Best practices check. The tool determines whether the data file has any of 11 potential issues that do not comply with data management best practices, such as embedded charts, comments, and color-coded cells. These issues were chosen based on interviews with researchers, as well as data managers who often “clean up” spreadsheets submitted by researchers for archiving. In addition to identifying the locations of these problems, DataUp informs the user why they are potentially problematic, and offers suggested alternatives or the ability to remove them in bulk. The information provided by the DataUp tool for each of these potential issues is below:
1. Embedded charts, tables, pictures. Why: These embedded items will not be visible when data are exported as a .csv file. Also, these elements are visible only if the file is opened with Microsoft Excel. Suggested remedy: Move embedded charts, tables, or pictures to other tabs in your file or to a completely separate file.

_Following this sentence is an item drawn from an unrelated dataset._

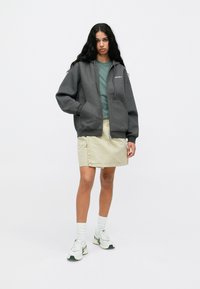 Γκρι φούτερ με φερμουάρ και μπροστινές τσέπες πάνω από πράσινη κορυφή, συνδυασμένο με μπεζ φούστα. Λευκά αθλητικά παπούτσια με πράσινες λεπτομέρειες. Λείος υφάσματος.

2. Embedded comments. Why: Comments will not be visible when data are exported as a .csv file. Also, these elements are visible only if the file is opened with Microsoft Excel. Suggested remedy: Create a new column titled “Comments” and add your text there.
3. Commas. Why: Commas are often used to separate multiple piece of information/data (e.g. City, State). Cells only contain one piece of information. Suggested remedy: Split pieces of information into multiple columns (e.g. City column and State column).
4. Special characters. Why: Special characters may cause problems for other programs or may be modified upon export. Suggested remedy: Use alpha-numeric characters only. If needed, describe the symbol in a new column.
5. Color coded text or cell shading. Why: Formatting will not be visible when data are exported as a .csv file. If formatting is used as a coding scheme, all codes will be lost upon export. Suggested remedy: Use descriptions or alphanumeric coding schemes in a new column.
6. Columns have mixed data types. Why: Some programs cannot handle mixed data types (e.g. numbers and text in the same column). Suggested remedy: Ensure you are using only numbers or only text in a column; split data into multiple columns if necessary.
7. Non-contiguous data. Why: Empty columns or rows tend to be used to separate multiple data tables on the same tab. Suggested remedy: Move multiple tables onto separate tabs.
8. Merged cells. Why: Merged cells will not be maintained when data are exported as a .csv file. Information may be lost when cells are un-merged upon export. Suggested remedy: Un-merge cells and annotate appropriately so information is not lost.
9. Blank cells. Why: Blank cells within a contiguous data table are potentially problematic for reading files in other programs. Suggested remedy: Designate a coding scheme for missing data or other explanations for blank cells.
10. Header row absent or more than one header row. Why: Ideally the first row of a data table contains parameter names for the columns. If there is no header row, your data table may be difficult to use and document. If there are multiple header rows, some software programs may have problems. Suggested remedy: Create a header row with unique parameter names that describe the column’s contents.
11. Multiple sheets (tabs). Why: Multiple sheets will not be maintained as a single document if the file is converted to .csv. Suggested remedy: The user can move each tab into a separate .csv file. If left as multiple sheets, the DataUp tool will automatically export the data as separate .csv files.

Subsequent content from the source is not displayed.